The 65-year-old chairman and chief executive officer of Walt Disney Co. is scheduled to retire in June 2018. He’s already achieved a number of milestones, including Disney’s revival of the “Star Wars” film series and the opening in June of the company’s $5.5 billion Shanghai resort. But one issue bedevils him and most other media executives: how to transition to a world where mobile devices, not TV screens, dominate news and entertainment.
The question underscores Disney’s interest in Twitter Inc. The Burbank, California-based company has hired an investment bank to advise on a possible Twitter merger, Bloomberg News reported Monday. A deal would unite the world’s largest entertainment company, the home of ABC, ESPN and Mickey Mouse, with the technology pioneer that created the 140-character tweet. It could let Iger leave knowing he’s given Disney a big presence in digital media and advertising.
“That would be his final stamp on Disney,” said Tim Galpin, a professor of management at Colorado State University and co- author of “The Complete Guide to Mergers and Acquisitions.” “If he could get that behind him, he could walk off with a final major success story.”
Twitter, whose co-founder and CEO Jack Dorsey sits on the Disney board, has already been dipping his toes in live sports, airing National Football League’s night games. That’s a business that Disney, the parent of the leading sports TV network ESPN, knows well and that clearly intrigues Iger.
The acquisition and successful reboot of Star Wars coupled with the opening of the Shanghai resort were major successes for Disney. However that does not obscure the fact that the company’s broadcasting and cable divisions represent almost half of revenues and face challenges from interlopers like Netflix, Hulu and YouTube. These challenges have yet to be addressed.
Disney exhibited one of the most consistent uptrends of any share between 2011 and August 2015, when the advance was capped with a large downside weekly key reversal. Since then the share has been confined to a volatile range and has exhibited a downward bias for much of this year. It is now testing the lower boundary near $90 and sustained move above the trend mean will be required to check the slide.

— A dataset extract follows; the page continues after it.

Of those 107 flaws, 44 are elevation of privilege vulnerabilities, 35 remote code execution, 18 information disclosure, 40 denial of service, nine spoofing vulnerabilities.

Speculation Twitter will become the subject of a takeover offer has reignited interest among some of the more downtrodden social media shares. Twitter had lost downward momentum from early this year and has held a progression of higher reaction lows since June. Last week’s surge sees the share trading above the trend mean for the first time in more than a year and a sustained move below $20 would be required to question upside potential.
Groupon has been ranging above its MA since early August and a sustained move below it would be required to question the medium-term demand dominated environment.

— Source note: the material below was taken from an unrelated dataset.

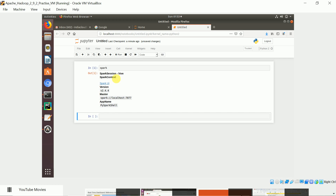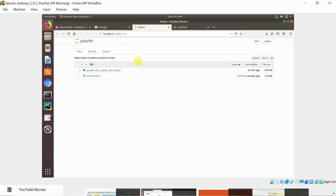The SparkSession object information is shown here. The master URL in my Spark installation is `spark://localhost:7077`, and the application name is PySpark Shell, because we invoked PySpark which internally called the Jupyter notebook. I already created a demo notebook — I'll open it now.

TripAdvisor has been ranging mostly above $60 since a failed break below that level in February. A sustained move to new lows would be required to question medium-term scope for higher to lateral ranging.

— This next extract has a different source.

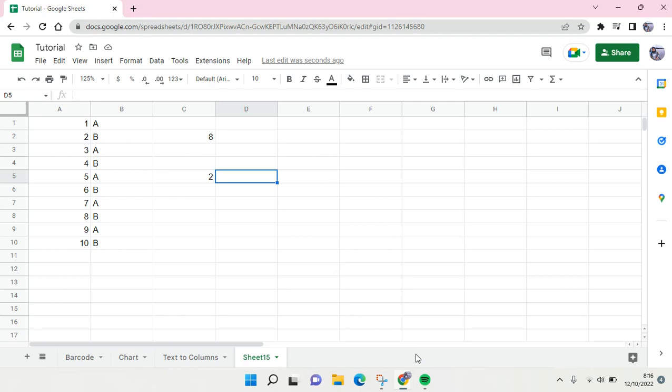So that is how you can use COUNTIF less than and also greater than in Google Sheets. I hope this video will be helpful to you. If you have any questions, feel free to drop them in a comment. And if you think this video is helpful, please don't forget to click on like and subscribe to our channel. See you in the next tutorial.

Yelp exhibits one of the sectors most successful recovery trajectories; holding a progression of higher reaction lows since early February.
Among US listed Chinese companies, Alibaba rallied in August to break its post IPO progression of lower rally highs and continues to hold a progression of higher lows.
Baidu exhibits a triangular pattern where a sustained move above $200 would signal the lengthy consolidation is being resolved to the upside.